Start of Block

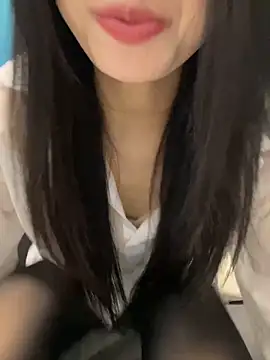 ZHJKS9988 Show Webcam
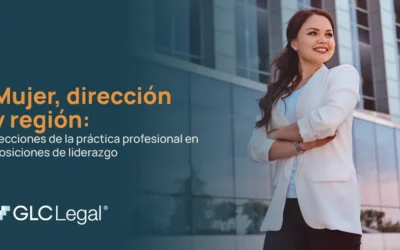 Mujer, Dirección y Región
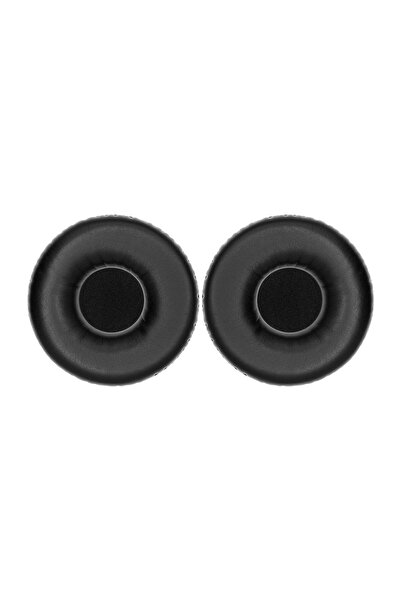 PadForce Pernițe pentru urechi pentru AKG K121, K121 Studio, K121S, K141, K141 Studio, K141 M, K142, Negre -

End of Block

▸ **TASK DESCRIPTION**
Print the material in full and exactly, minus the pictures.

▸ **ANSWER BOX**
 ZHJKS9988 Show Webcam
 Mujer, Dirección y Región
 PadForce Pernițe pentru urechi pentru AKG K121, K121 Studio, K121S, K141, K141 Studio, K141 M, K142, Negre -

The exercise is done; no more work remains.